KAGADI, Uganda — Tension is mounting in Kagadi District as investors and farmers linked to Kagadi Sugar raise alarm over prolonged delays in the issuance of a sugar milling license, a setback they say is crippling livelihoods and threatening the region’s agricultural economy.
Representatives of Kagadi Sugar have voiced deep frustration, noting that despite fulfilling all regulatory requirements, the licensing authority has failed to respond within the stipulated timeframe. The process, which falls under the Uganda Sugar Board through the Ministry of Trade, Industry and Cooperatives, requires applicants to submit key documents including a business plan, land title, and an Environmental and Social Impact Assessment (ESIA).
According to the company, all conditions were met, including securing a letter of no objection and approvals from local authorities. However, months later, there has been no official communication from the licensing council, which was established in mid-2025.
“We are so frustrated and need urgent help and response to know how far the process has reached,” said a representative from Kagadi Sugar. “The council seems to be biased and views new mills as a threat, yet we have invested heavily—supporting farmers with tractors, security, and other resources.”
The delay is already taking a heavy toll. More than 4,000 acres of sugarcane—some of it over two years old—remain unharvested, with farmers lacking access to a market. As the crop deteriorates in the fields, financial losses continue to mount.
“The council is supposed to respond within 30 working days, but it’s been months without any feedback,” the representative added. “We appeal to Yoweri Museveni to intervene and ensure transparency and fairness in the process.”

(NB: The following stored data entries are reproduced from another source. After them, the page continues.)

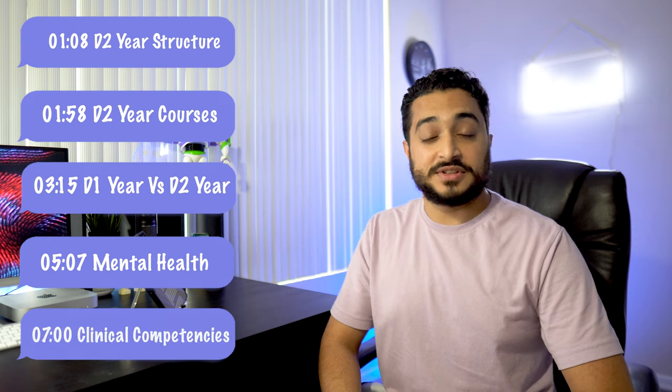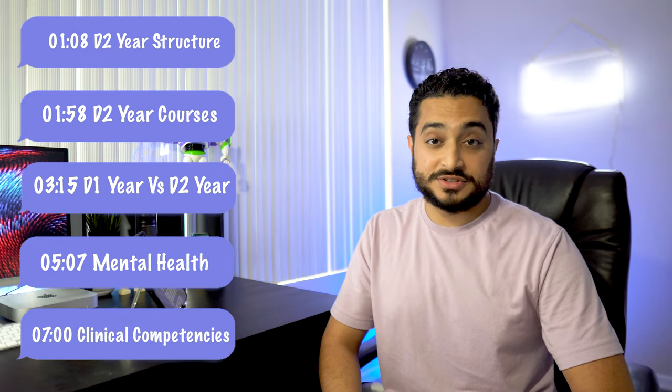Hello everyone and welcome back to another One Mission DMD video. If you're new here, my name is Teham and I am a third year dental student aiming to make your journey in and out of school a success while learning a thing or two along the way. Timestamps for the video are right over here, so feel free to scroll to any part you think will be most beneficial to you.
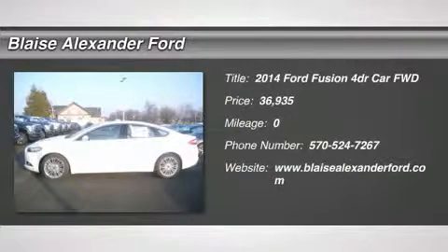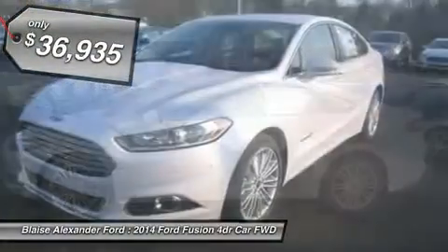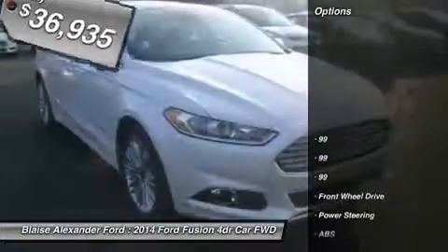The 2014 Fusion. You can have both impressive power and great economy in a Fusion, and it is priced below $40,000. Here are some of this vehicle's great options.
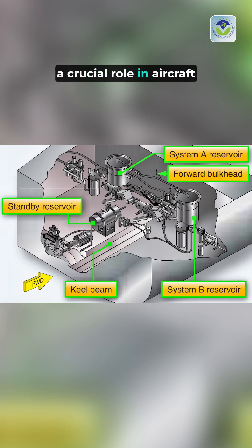Hydraulic accumulators play a crucial role in aircraft systems. These devices store hydraulic fluid under pressure, ensuring a reliable power source for essential functions.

Local leaders, including Resident District Commissioners (RDCs) and LC5 officials, have confirmed that Kagadi Sugar has complied with all necessary procedures and are now urging authorities to act without further delay.

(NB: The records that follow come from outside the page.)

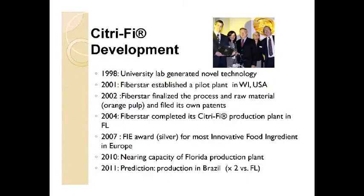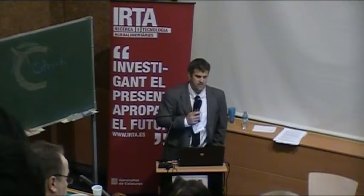Just to give a little history for some of you who aren't familiar — I've had several questions about the development and history of how Citrify was developed. Starting in 1998 was when we first started some of the lab work for the product. Then in 2001, we established a pilot plant in Wisconsin. That's when I started working full-time at that time.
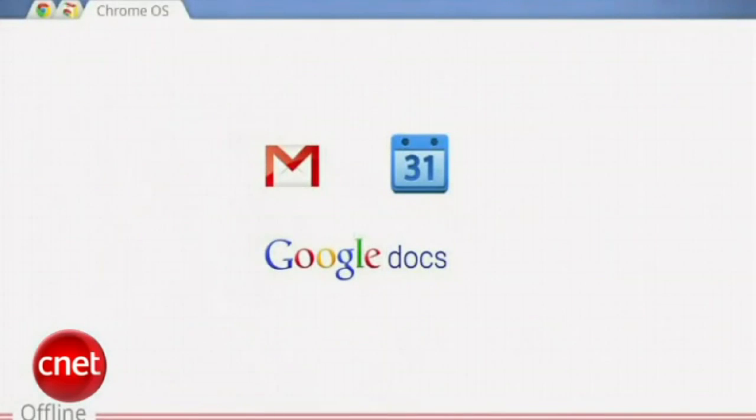Another important use case is the ability to use Chromebooks while you're disconnected. So we've worked hard to make many important applications available offline. Three of the most important applications which users have requested us to bring offline are Gmail, Google Calendar, and Google Docs. We are all using internally offline versions of these applications, and they will all be available for Chromebook users this summer.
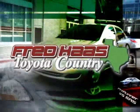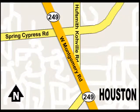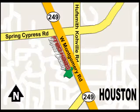With over 1,000 vehicles in stock, we're sure to have what you're looking for. Fred Haas Toyota Country, Highway 249 at Spring Cypress, just 2 miles north of Willowbrook Mall.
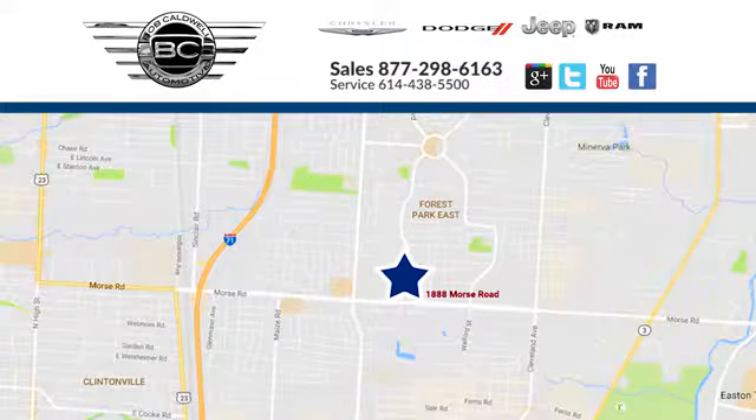At Bob Caldwell Chrysler Jeep Dodge, we're a dealership you can trust. We're conveniently located at 1888 Morse Road in Columbus, Ohio.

“We urge the government and relevant ministries to intervene and ensure that the licensing process is fair, transparent, and timely,” said one local leader.
The silence from the council has fueled allegations of favoritism and conflict of interest, particularly as the body is reportedly chaired by an existing mill owner. Critics argue this could be influencing decisions and disadvantaging new entrants in the sugar industry.
“We invested in this project, and it’s not fair to be held hostage by a few individuals,” said a frustrated farmer. “We need the President to step in and help us.”
As pressure builds, stakeholders warn that continued inaction could undermine investor confidence and destabilize the region’s sugar sector. Calls are growing louder for swift government intervention to restore trust and ensure equal opportunity for all industry players.